Some weeks ago my colleague Greg Readings wrote about the United Nations’ Sustainable Development Goals (SDGs) which investors often see as one or more of 17 colourful pictograms in promotional or reporting material which seek to highlight the environmental, social and governance (ESG) credentials of the product.

There we go – ESG, SDG, two of several acronyms and terms used when exploring or marketing a variety of thematic funds or products.  There is now another inhabiting this space: SFDR – the Sustainable Finance Disclosures Regulation, which is a key pillar of the European Union’s ESG initiatives. 

From March 2021 financial market participants including asset managers in the EU have to comply with the high-level principles-based ‘Level 1’ requirements of SFDR.  This regulation applies at both, fund manager and product level.
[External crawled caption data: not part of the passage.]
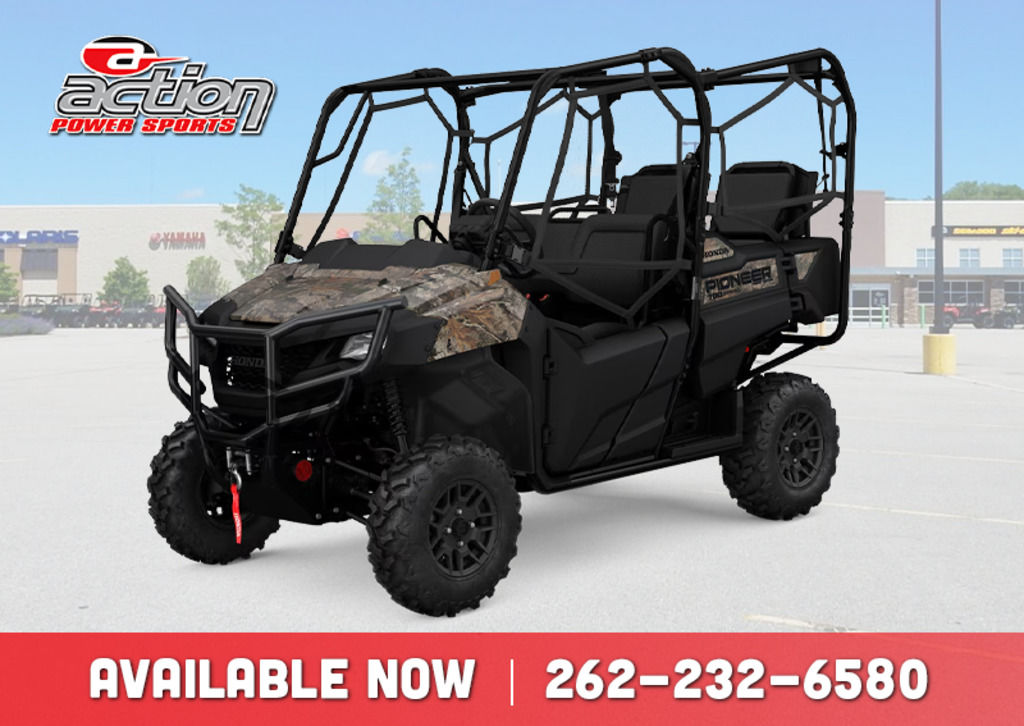 New Honda® Pioneer 7004 Forest 2026 for sale in Waukesha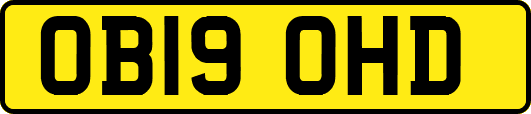 OB19OHD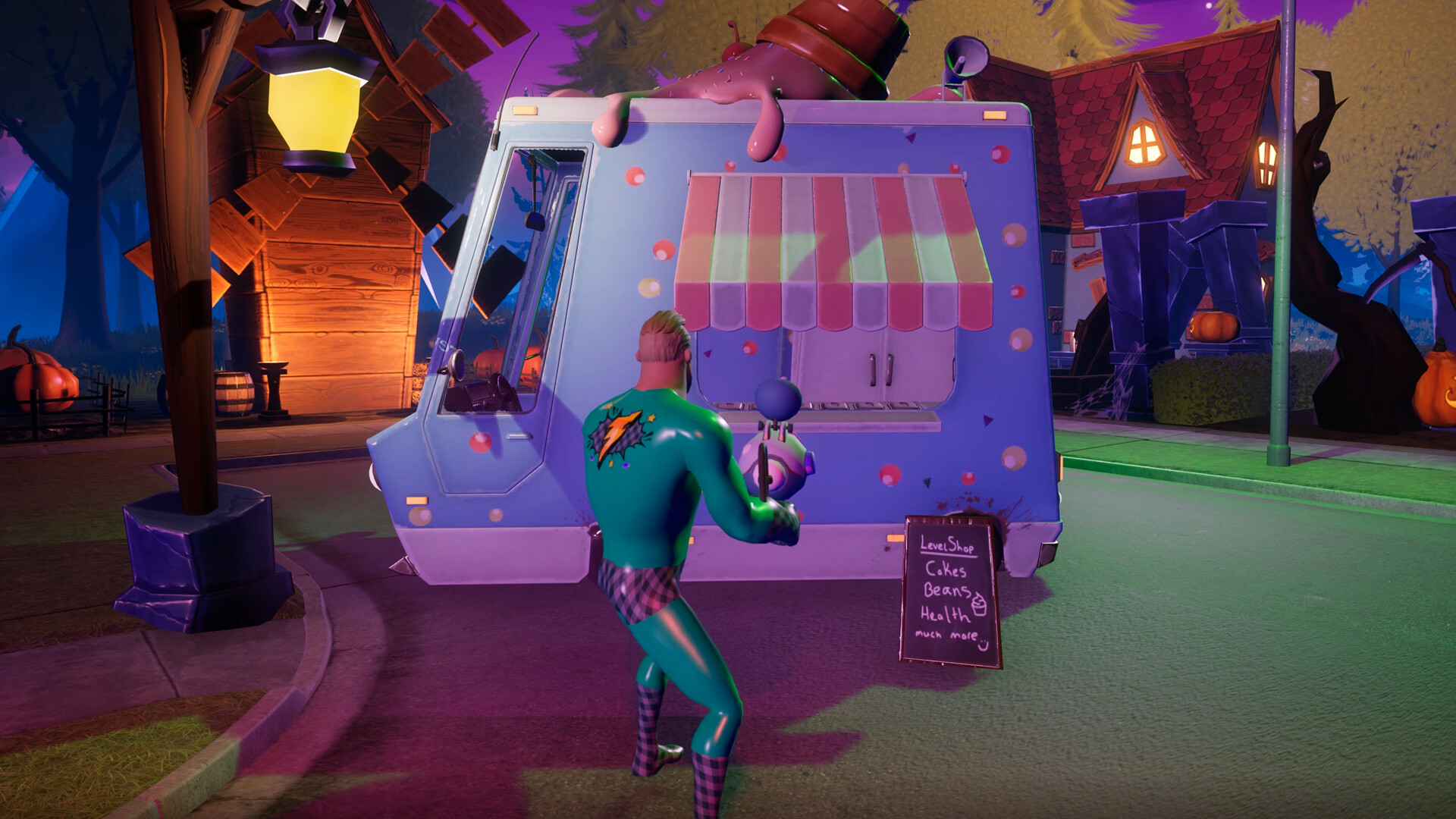 Fun With the Fitzgeralds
There has been mixed reaction to SFDR, but there is one thing many agree on and that is it will inhibit companies, including asset managers, from greenwashing their portfolios and products and instead provide more transparency over the stated green/clean/sustainable claims and the extent to which these goals are being achieved.

SFDR requires UCITS fund management companies or investment firms providing portfolio management to consider and acknowledge sustainability risks inherent in their decision-making process even if their products or portfolios don’t have an ESG or sustainability tilt.  Importantly, the regulation also sets specific requirements for funds which are labelled or promoted as ESG or carbon reduction or sustainable investment funds. 

The UK has opted not to implement SFDR into UK legislation following the end of the Brexit transition period, but you may find references to it as the regulation has implications for non-EU asset managers if they market their funds or products in the EU. So, if you see these references in a prospectus or on the company’s website, this is what they signify:

  • Article 6 funds: those which are not promoted as having ESG factors or objectives – these funds are nevertheless required to have disclosures on the integration of sustainability risks in the investment process and the possible impact on returns.
  • Article 8 funds: those that promote certain environmental or social characteristics but do not have these as the overarching objective.
  • Article 9 funds: those which specifically have sustainable investment or carbon emission reduction as their stated objective.

Article 8 and 9 funds will also have to require data and reporting to back up their assertions.

SFDR is not to be confused with Task Force on Climate-related Financial Disclosures (TCFD) reporting.  That is another acronym, and if you feel there’s probably enough of them already in this one Insight article, I empathise.  For the curious, TCFD is the framework for public companies for effective reporting on their climate-related risks and opportunities and the potential impact on their organisation’s business, strategy and financial planning.